Instructions to follow:
The copy you produce must hold every record exactly, and none of the images.

Dataset excerpts

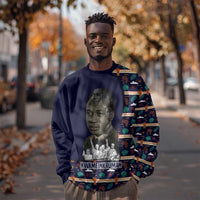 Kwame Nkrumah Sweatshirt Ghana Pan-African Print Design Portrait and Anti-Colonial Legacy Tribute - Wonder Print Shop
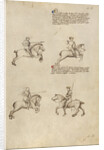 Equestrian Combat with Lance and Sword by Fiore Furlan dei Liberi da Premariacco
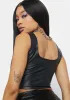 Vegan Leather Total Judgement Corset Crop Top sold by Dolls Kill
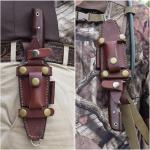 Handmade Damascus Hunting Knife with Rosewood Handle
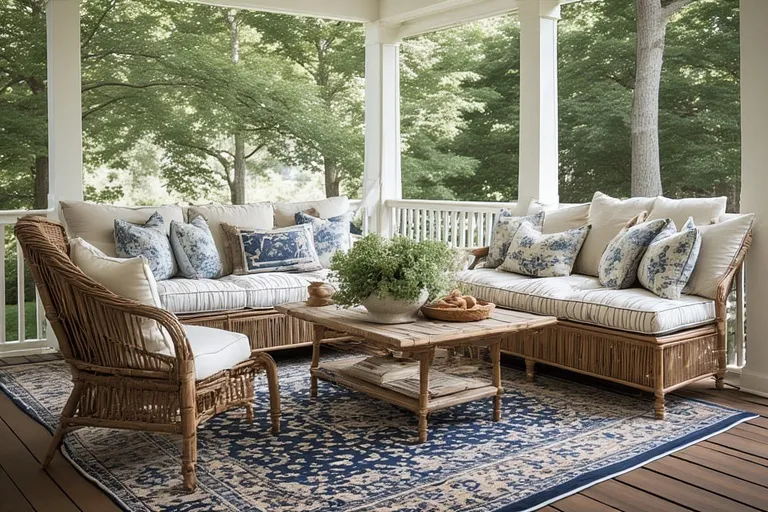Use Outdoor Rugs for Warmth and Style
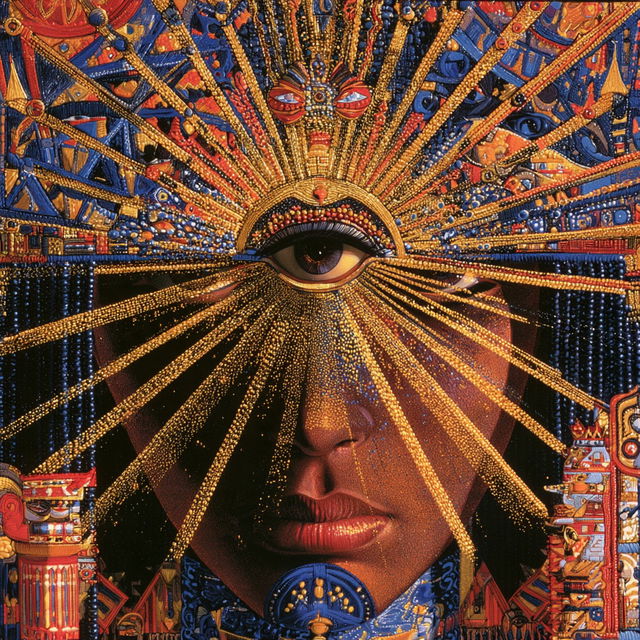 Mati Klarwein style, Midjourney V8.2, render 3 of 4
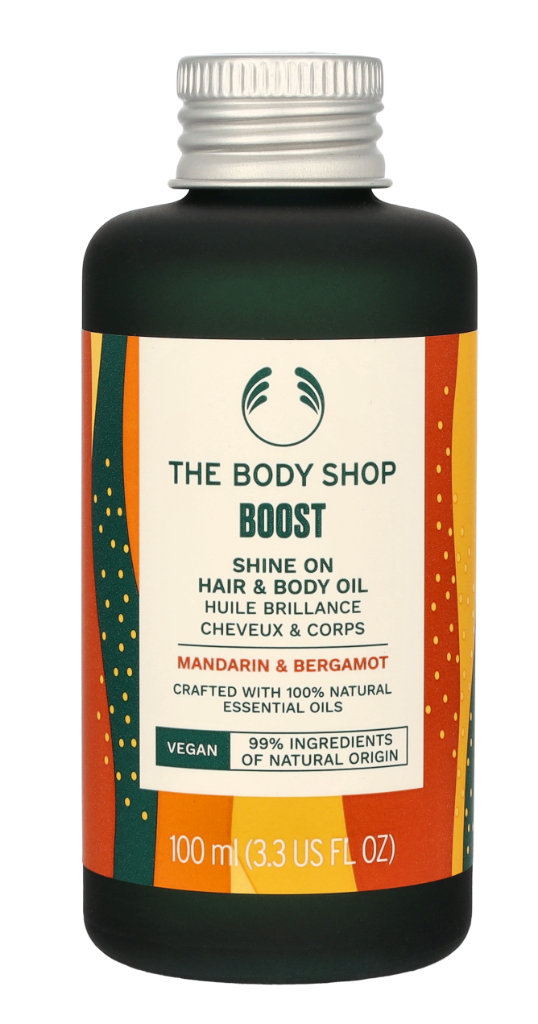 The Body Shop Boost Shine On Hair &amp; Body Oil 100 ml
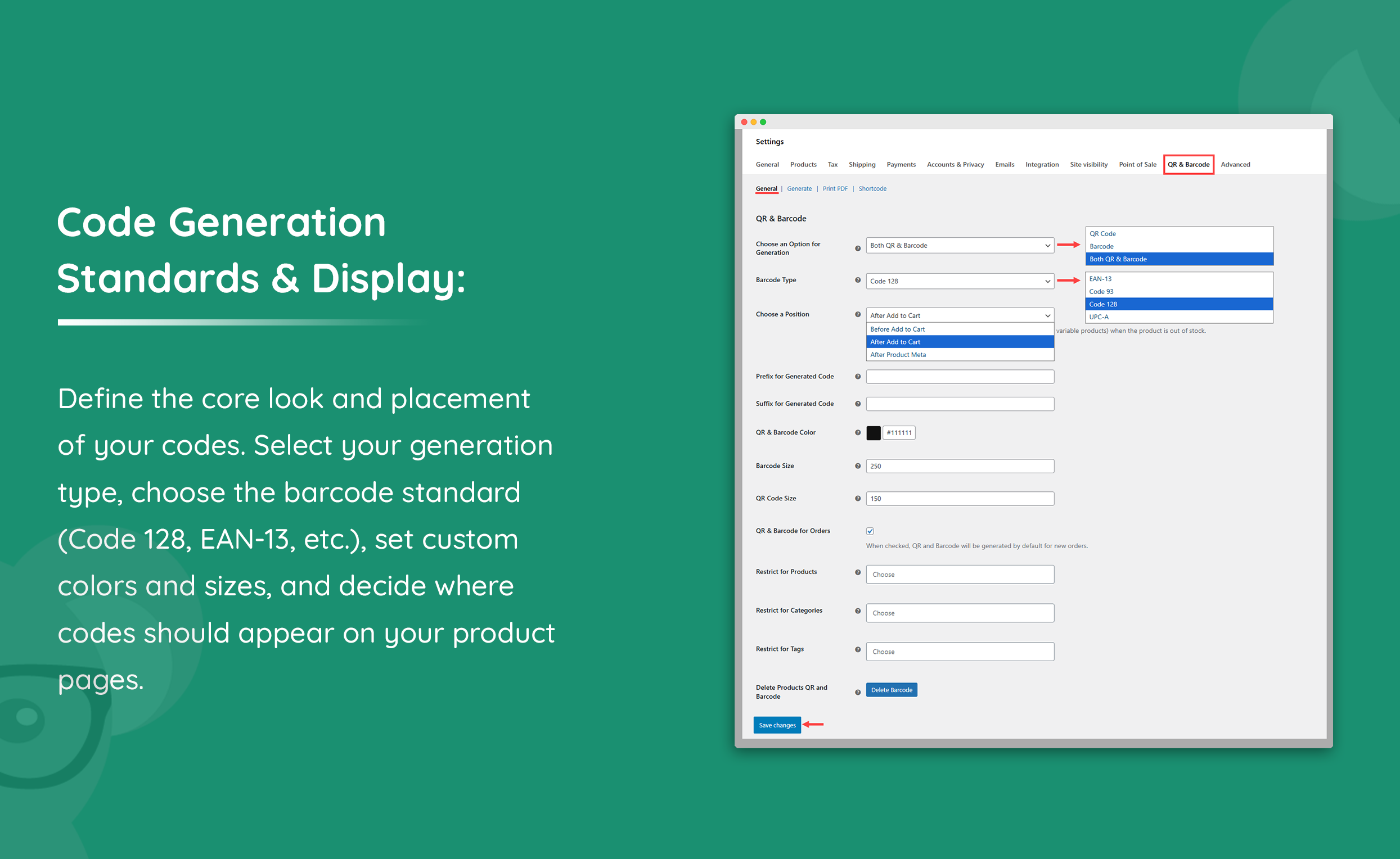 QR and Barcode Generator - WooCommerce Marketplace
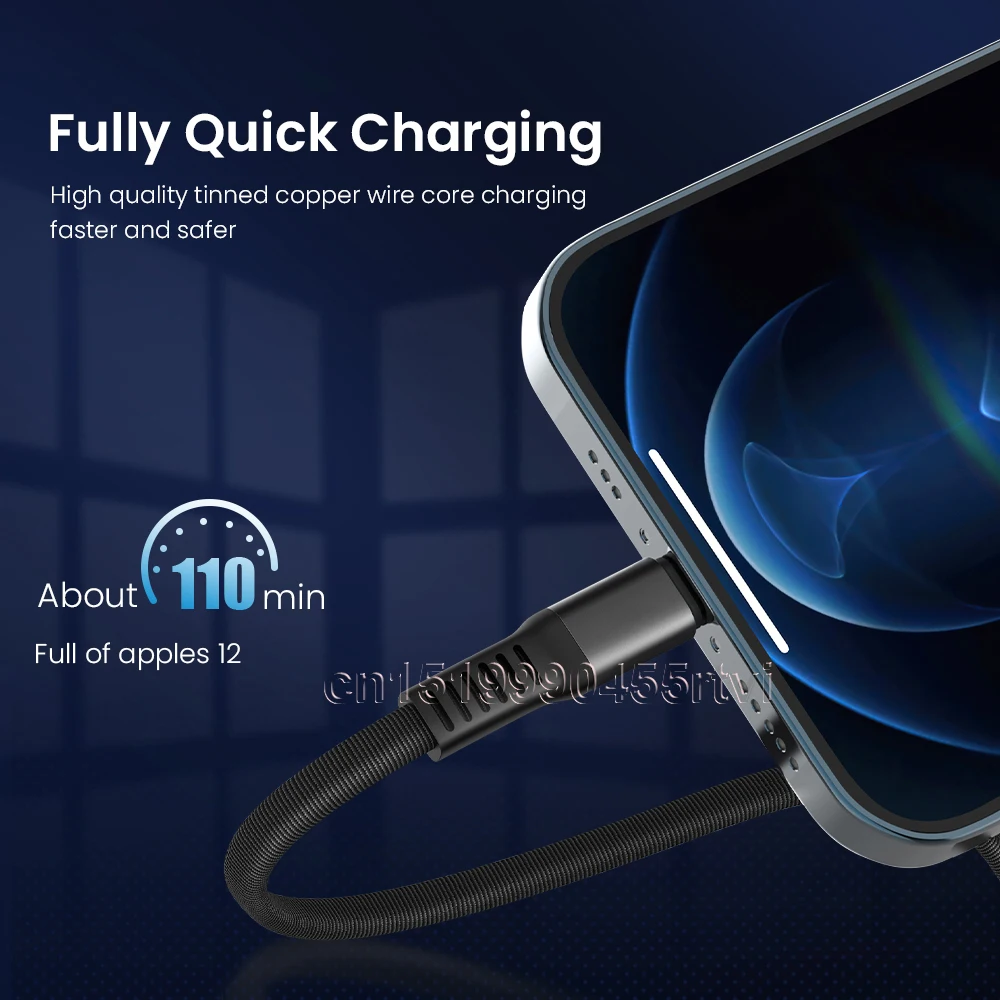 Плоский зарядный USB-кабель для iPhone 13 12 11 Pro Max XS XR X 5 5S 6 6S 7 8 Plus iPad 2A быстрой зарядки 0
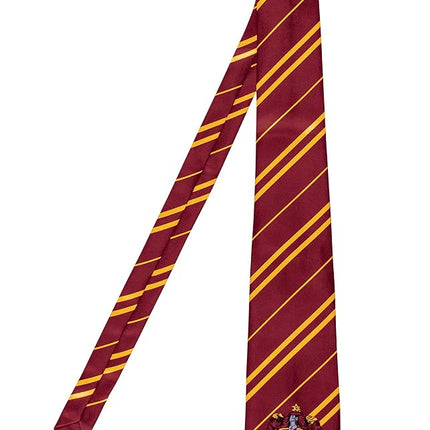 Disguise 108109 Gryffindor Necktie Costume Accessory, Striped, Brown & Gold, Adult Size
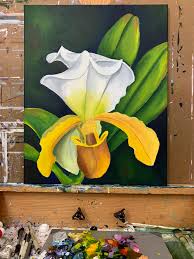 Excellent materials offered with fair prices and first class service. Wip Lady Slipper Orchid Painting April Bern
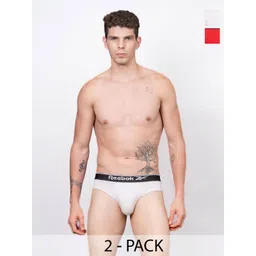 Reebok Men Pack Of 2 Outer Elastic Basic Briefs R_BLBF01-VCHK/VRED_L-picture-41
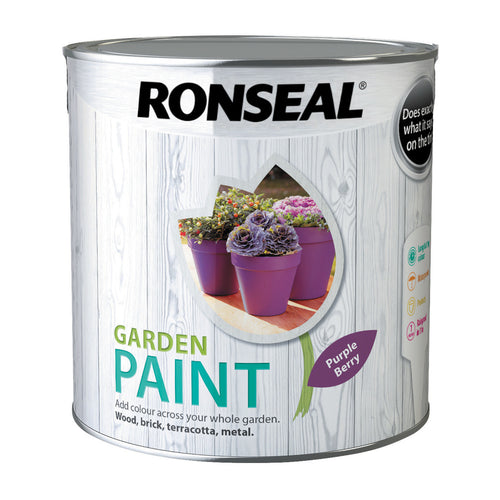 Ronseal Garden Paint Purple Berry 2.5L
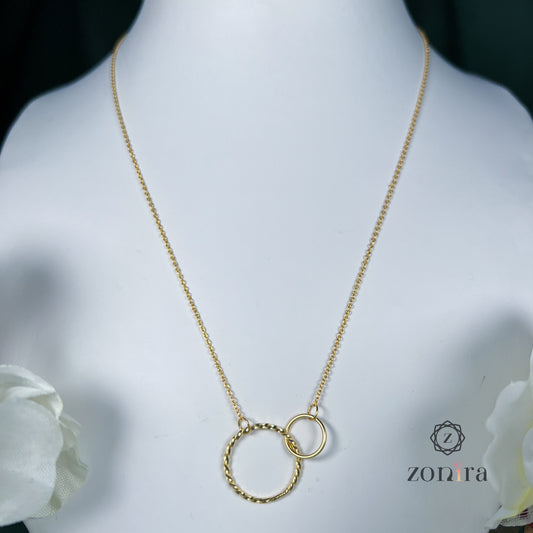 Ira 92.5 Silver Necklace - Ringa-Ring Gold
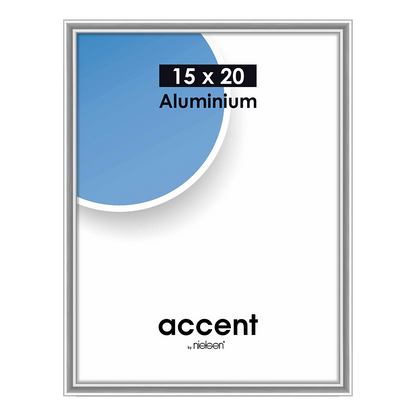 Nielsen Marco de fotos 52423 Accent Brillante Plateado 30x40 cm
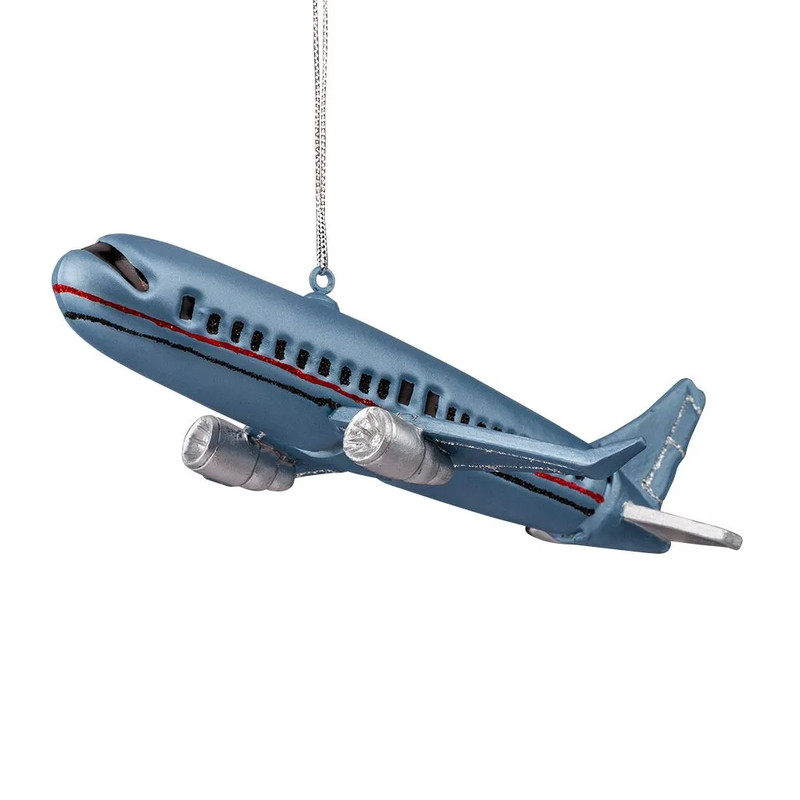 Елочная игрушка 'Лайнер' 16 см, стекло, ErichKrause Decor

Final answer:
 Kwame Nkrumah Sweatshirt Ghana Pan-African Print Design Portrait and Anti-Colonial Legacy Tribute - Wonder Print Shop
 Equestrian Combat with Lance and Sword by Fiore Furlan dei Liberi da Premariacco
 Vegan Leather Total Judgement Corset Crop Top sold by Dolls Kill
 Handmade Damascus Hunting Knife with Rosewood Handle
Use Outdoor Rugs for Warmth and Style
 Mati Klarwein style, Midjourney V8.2, render 3 of 4
 The Body Shop Boost Shine On Hair &amp; Body Oil 100 ml
 QR and Barcode Generator - WooCommerce Marketplace
 Плоский зарядный USB-кабель для iPhone 13 12 11 Pro Max XS XR X 5 5S 6 6S 7 8 Plus iPad 2A быстрой зарядки 0
 Disguise 108109 Gryffindor Necktie Costume Accessory, Striped, Brown & Gold, Adult Size
 Excellent materials offered with fair prices and first class service. Wip Lady Slipper Orchid Painting April Bern
 Reebok Men Pack Of 2 Outer Elastic Basic Briefs R_BLBF01-VCHK/VRED_L-picture-41
 Ronseal Garden Paint Purple Berry 2.5L
 Ira 92.5 Silver Necklace - Ringa-Ring Gold
 Nielsen Marco de fotos 52423 Accent Brillante Plateado 30x40 cm
 Елочная игрушка 'Лайнер' 16 см, стекло, ErichKrause Decor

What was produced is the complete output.